На первое занятие в мединститут пришло человек 50. Ректор стоял на улице и лично приветствовал и обнимал каждого. Ирина встретила своих старых знакомых. Все сильно изменились, особенно мальчишки. Некоторые были с фронта, раненые, хромые, с палочками, на костылях. Весь этот день они с подругой ревели, сидя на задней парте, вспоминали свою довоенную учебу и однокурсников. В ее дипломе об окончании мединститута написано: поступила в 1937 году, окончила в 1947 году. Несмотря на полученный диплом, Ирина всю жизнь, как она считала, боролась с комплексом зауряд-врача. При любой возможности ходила на курсы усовершенствования врачей по физиотерапии, по лечебной физкультуре, по фармацевтике и другим отраслям медицины.
Послесловие
Со своими блокадными коллегами у Ирины не сохранились связи, она больше с ними никогда не встречалась. С некоторыми институтскими друзьями она иногда перезванивалaсь и встречалaсь на курсах и конференциях. Она гордилась тем, что некоторые ее сокурсники стали потом выдающимися врачами. Станислав Яковлевич Долецкий возглавлял кафедру детской хирургии Ленинградского педиатрического института. Он был выбран академиком АМН СССР и назначен главным детским хирургом России. А Георгий Степанович Юмашев руководил кафедрой травматологии и ортопедии Первого Московского медицинского университета им. И.М. Сеченова, стал членом-корреспондентом РАМН, заслуженным изобретателем и лауреатом Госпремии.
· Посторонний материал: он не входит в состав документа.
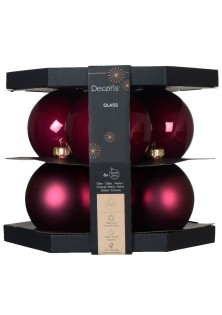 Beauty Home ΓΥΑΛΙΝΕΣ ΜΠΑΛΕΣ ΜΑΤΖΕΝΤΑ 10 CM ΣΕΤ 6 ΤΜΧ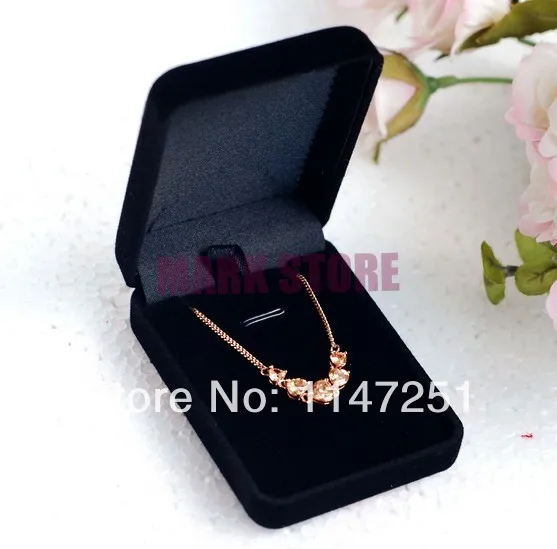 Wholesale 12Pcs/Lot 8x6x3cm Black Velvet Jewelry Box Fashion Necklace Gift Box Favor Earrings Display Packaging Boxes Case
В личной жизни Ирины истории со счастливым концом не получилось. В начале 50-х годов она с Агаси развелась. И как говорили ее друзья, «взявши под мышку рояль и сынишку», Ирина уехала в Москву, добившись служебного перевода в одну из московских клиник. Агаси продолжал работать в Военно-морском госпитале им. Семашко в Ленинграде и однажды чуть было не стал главным врачом Черноморского флота, но что-то помешало этому. Он вышел в отставку, переехал жить и работать в Севастополь. С Агаси у Ирины сохранились неплохие отношения, и он каждый раз проездом в военный санаторий несколько дней жил у нас в доме. С ним, как ни странно, очень подружился новый муж Ирины, мой папа. Агаси больше не женился. В конце жизни он писал мемуары «Записки военного хирурга» и искал издателя. А Ирина в своей новой жизни в Москве старалась о войне и блокаде не думать и не вспоминать. A я все думаю, почему.